Of course there is plenty of bloodshed in Django Unchained, so much in fact that it paints a white plantation red, mostly with the blood of its owner and his employees. It is Tarantino’s second historical revenge fantasy in a row, following the revisionist WWII epic Inglourious Basterds. Here, though, he crucially refuses to revise the horrors of American slavery, and depicts them in ways that are startling and horrific. The blood from the shootouts may be gratuitous and expressionistic, but it’s the beating, dog mauling and whipping that feel brutally real even if the movie they are in is often highly stylized.
Tarantino isn’t someone who ever really matures as a filmmaker, simply because from the get-go he has had a knack for style and known how to craft it with his unparalleled verbiage.
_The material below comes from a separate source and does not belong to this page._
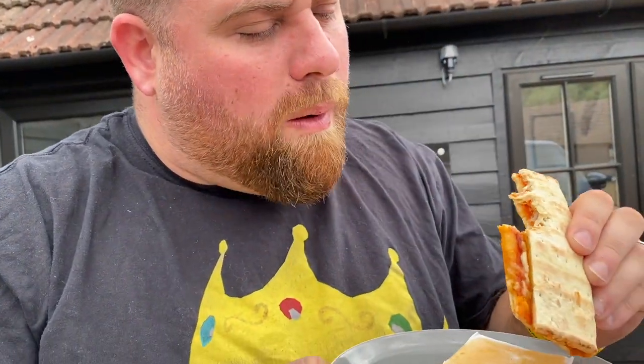You think these are gonna be amazing, don't you? My tongue did not get a single piece of cheese. Let me try again — the cheese must be in the middle. It's just not good.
Here, though, his tackling of a taboo subject matures his subject matter if nothing else. Part of the problem of Inglourious Basterds was that his obsession with pulp aesthetic sometimes got in the way of depicting the atrocities of World War II, no matter how cathartic it was to see Hitler get his comeuppance at a movie theater.
As he has done in every movie (sometimes to a fault), Tarantino samples from a smorgasbord of styles and genres. Django is a Spaghetti Western set in the Old South, filled with pulp snap-zooms and operatic genre music, though there are also songs by Rick Ross, Johnny Cash and John Legend. As we follow the freed slave of the title (Jamie Foxx) and the bounty hunter Dr. King Schultz (Christoph Waltz) who freed him, they take us on a Southern plantation tour that is first about collecting cash by killing wanted outlaws and ultimately about rescuing Django’s wife (the sadly underused Kerry Washington).
There are times in the movie’s first half that it drags on, and Waltz seems to be reapplying many of the mannerisms and characteristics from his character in Basterds, even though his character in that movie was exceptional. The movie is never boring, however, which is an achievement in and of itself considering it’s almost as long as The Hobbit. Once they come in contact with the slimy plantation owner Calvin Candie (Leonardo DiCaprio), it is some of the best work Tarantino has done since Kill Bill.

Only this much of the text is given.